===== MATERIAL FOR THIS TASK

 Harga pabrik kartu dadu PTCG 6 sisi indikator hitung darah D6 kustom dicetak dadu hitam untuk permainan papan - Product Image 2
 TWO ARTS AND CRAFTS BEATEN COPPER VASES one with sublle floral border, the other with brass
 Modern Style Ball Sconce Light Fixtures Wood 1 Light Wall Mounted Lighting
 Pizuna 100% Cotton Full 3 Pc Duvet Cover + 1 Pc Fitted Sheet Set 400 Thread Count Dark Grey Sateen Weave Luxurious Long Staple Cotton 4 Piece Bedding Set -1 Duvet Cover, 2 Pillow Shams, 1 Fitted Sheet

==========
===== MATERIAL FOR THIS TASK

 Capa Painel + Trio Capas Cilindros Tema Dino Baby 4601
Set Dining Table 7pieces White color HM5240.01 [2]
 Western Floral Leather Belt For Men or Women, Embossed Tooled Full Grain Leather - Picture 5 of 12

==========
===== MATERIAL FOR THIS TASK

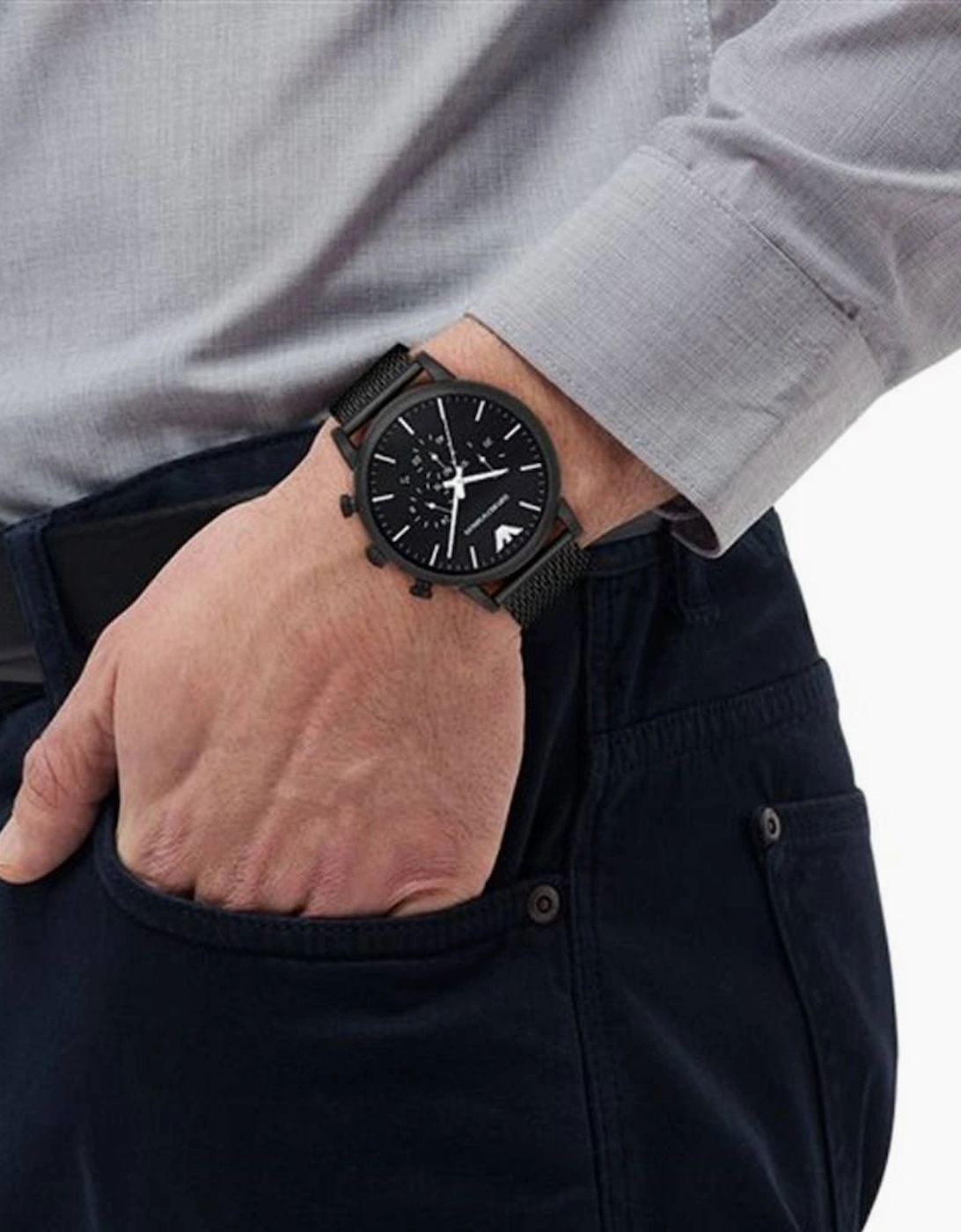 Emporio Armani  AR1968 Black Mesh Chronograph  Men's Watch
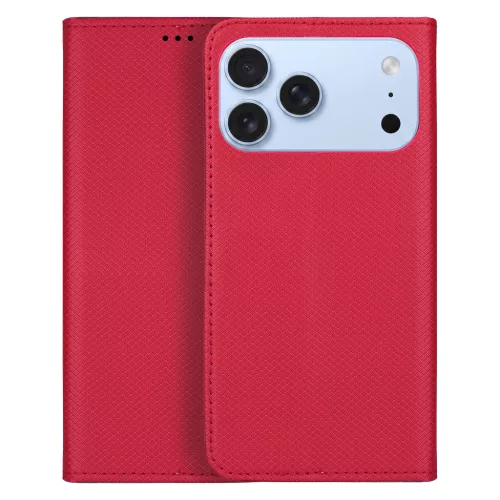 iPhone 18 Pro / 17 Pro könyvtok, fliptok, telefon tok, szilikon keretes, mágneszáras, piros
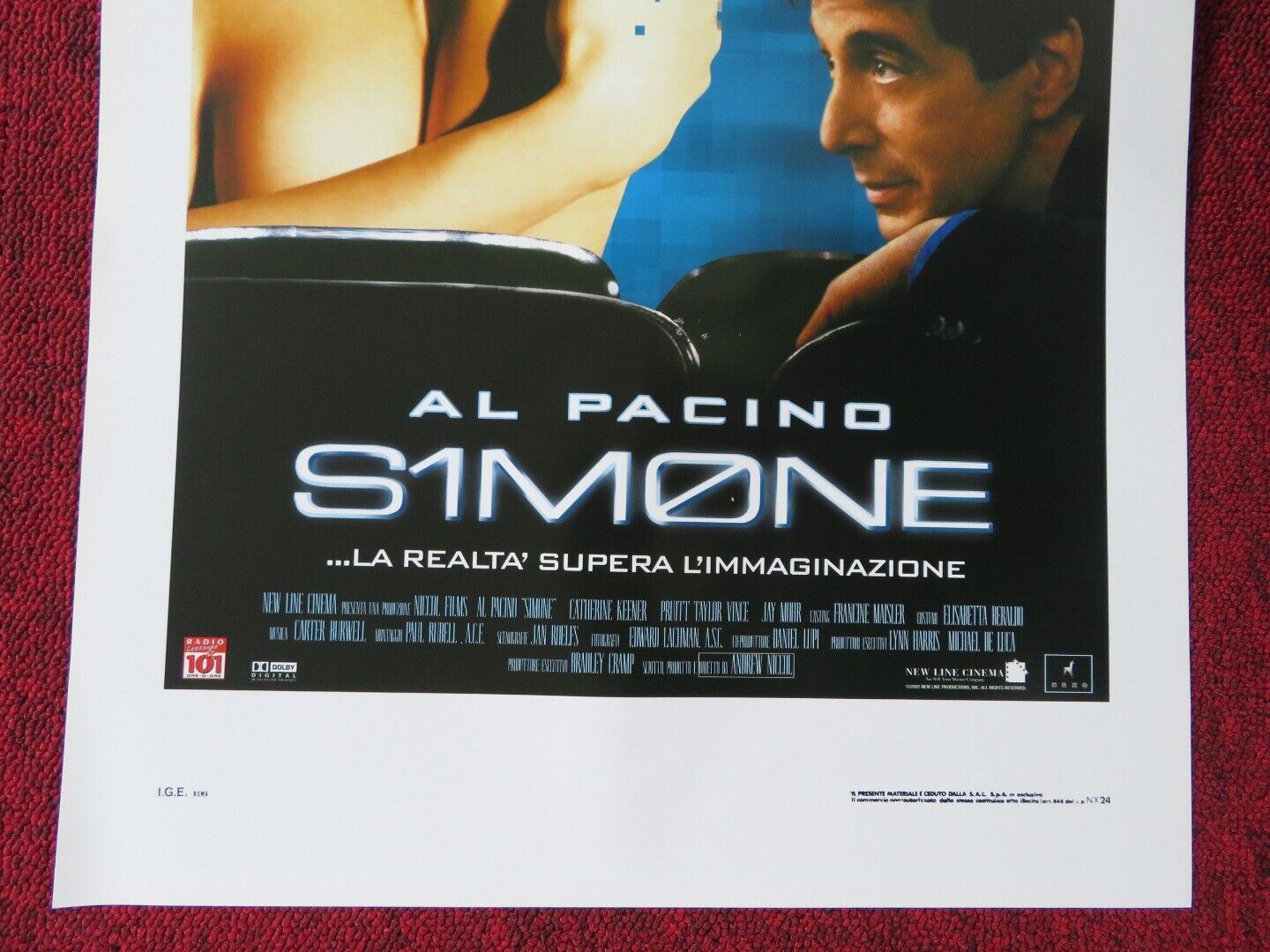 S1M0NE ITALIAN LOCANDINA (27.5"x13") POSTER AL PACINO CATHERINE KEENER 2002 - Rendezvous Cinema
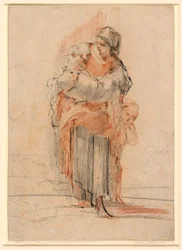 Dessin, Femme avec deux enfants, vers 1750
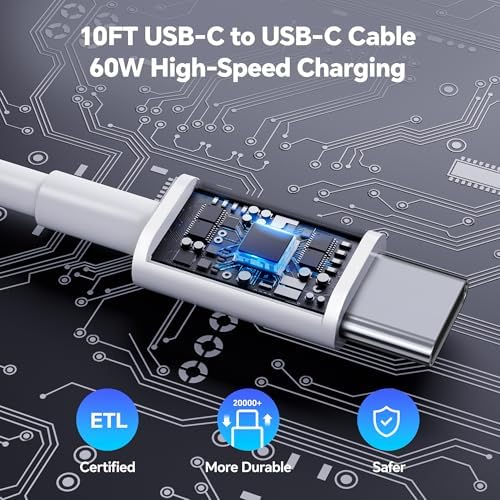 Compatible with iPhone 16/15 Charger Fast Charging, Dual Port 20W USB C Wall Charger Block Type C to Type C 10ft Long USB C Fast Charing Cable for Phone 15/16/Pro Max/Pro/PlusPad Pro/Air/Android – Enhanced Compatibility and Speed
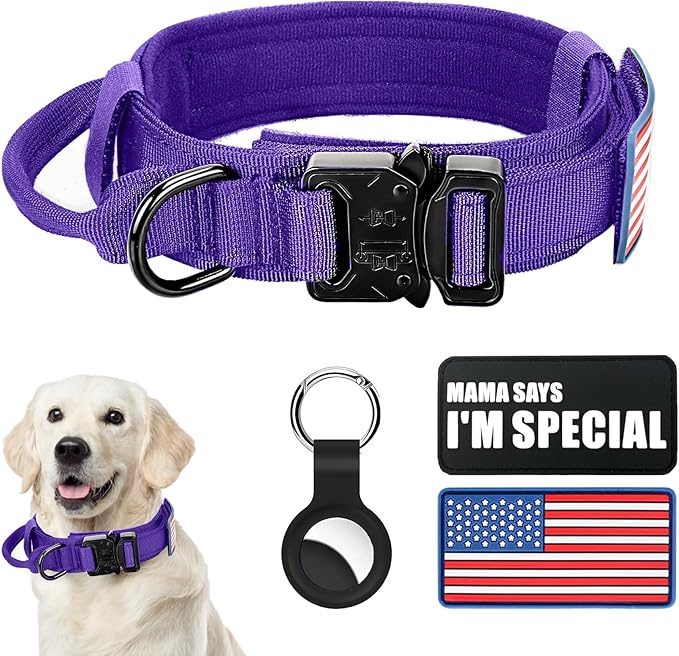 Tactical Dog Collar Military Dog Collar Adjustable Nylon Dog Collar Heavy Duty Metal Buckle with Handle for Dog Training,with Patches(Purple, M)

==========

**BRIEF:**
Where the word "Full" shows up in a line of the entries above, copy that line.

**THE COMPLETED TASK:**
 Pizuna 100% Cotton Full 3 Pc Duvet Cover + 1 Pc Fitted Sheet Set 400 Thread Count Dark Grey Sateen Weave Luxurious Long Staple Cotton 4 Piece Bedding Set -1 Duvet Cover, 2 Pillow Shams, 1 Fitted Sheet
 Western Floral Leather Belt For Men or Women, Embossed Tooled Full Grain Leather - Picture 5 of 12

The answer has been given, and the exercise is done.